Seguramente todo aquel que haya viajado a una ciudad conocida de Estados Unidos haya tenido la sensación de que ya ha estado ahí. Como si el cerebro hubiera captado una serie de señales que activaran recuerdos situados en lo más profundo de la corteza prefrontal. Como si los rastros kármicos que han pasado de una generación a otra fueran reactivados.
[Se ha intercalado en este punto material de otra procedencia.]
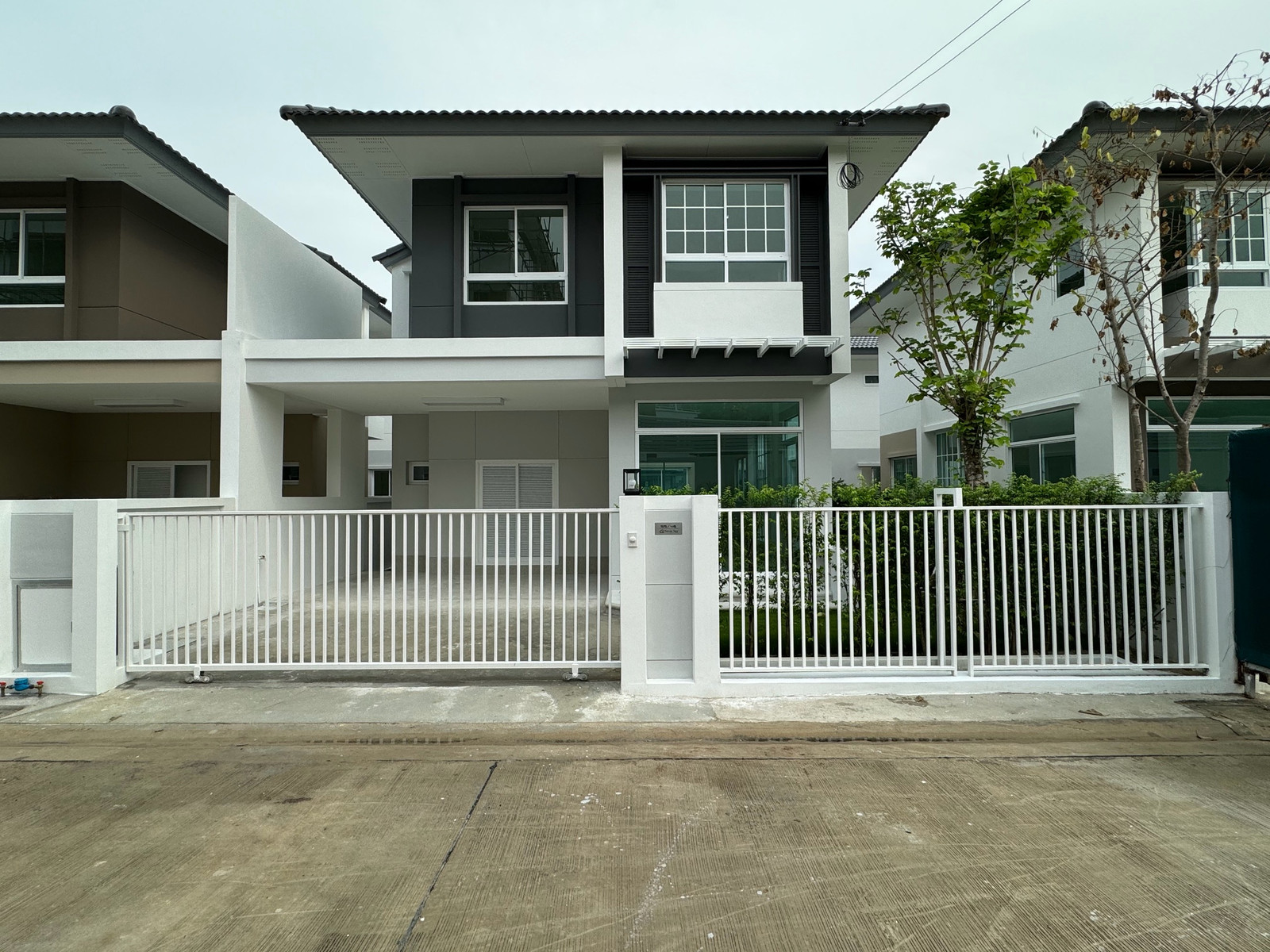 Semi-detached house for rent, Trendy Thara Bangna project. Semi-detached house for rent, Trendy Thara Bangna project.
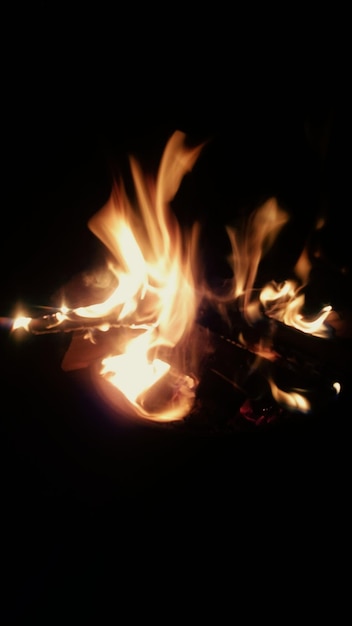 Ogień w nocy.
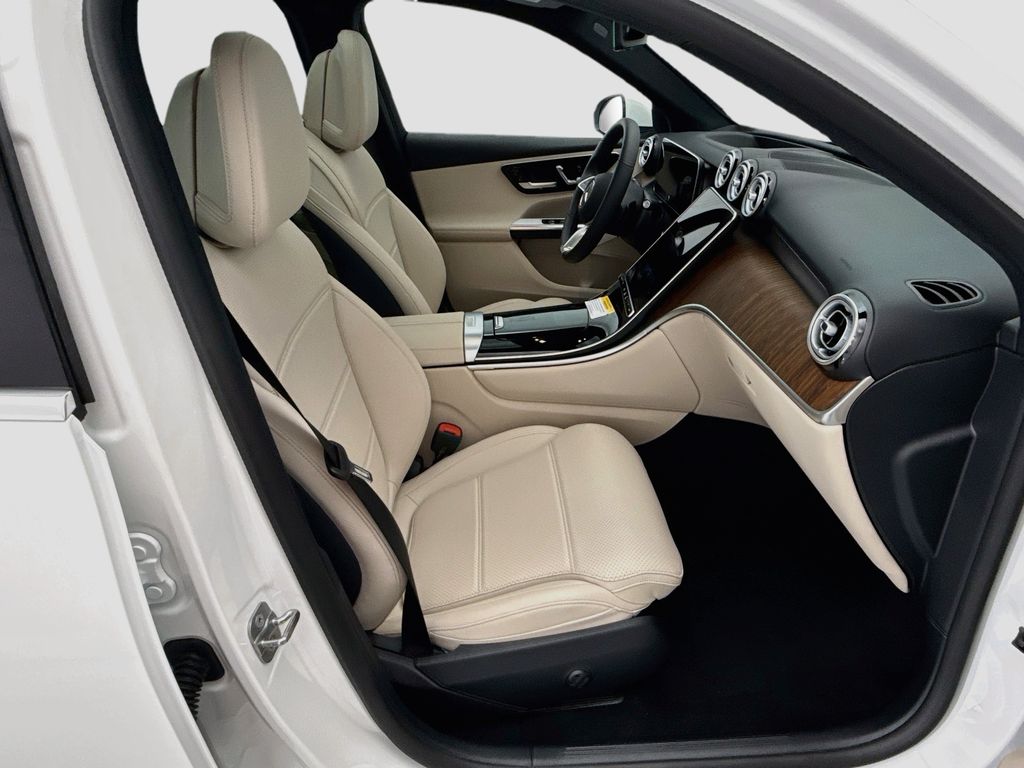 Thumbnail: 2027 Mercedes-Benz GLC - 20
Pero en realidad todo es más prosaico: hemos visto tantas películas y series estadounidenses que, al final, ese vínculo emocional que se ha generado tras años de visionado ha penetrado como una aguja hipodérmica en nuestro cerebro y nos ha generado ese falso recuerdo.

No pretendo ni mucho menos empezar a dar una clase de neurología, entre otras cosas porque soy un humilde juntaletras que sólo sabe que no sabe nada, pero lo cierto es que desde que comenzó a agravarse la situación con el coronavirus me hallo en una especie de sensación de bucle, como si ya hubiera pasado por esto. Al final, tras pensarlo detenidamente, he llegado a la conclusión de que el cerebro me estaba jugando otra de las suyas: tanta serie de conspiraciones que me he tragado y tanta película de ciencia ficción y desastres –que me chiflan, no sé por qué– me han provocado ese falso recuerdo.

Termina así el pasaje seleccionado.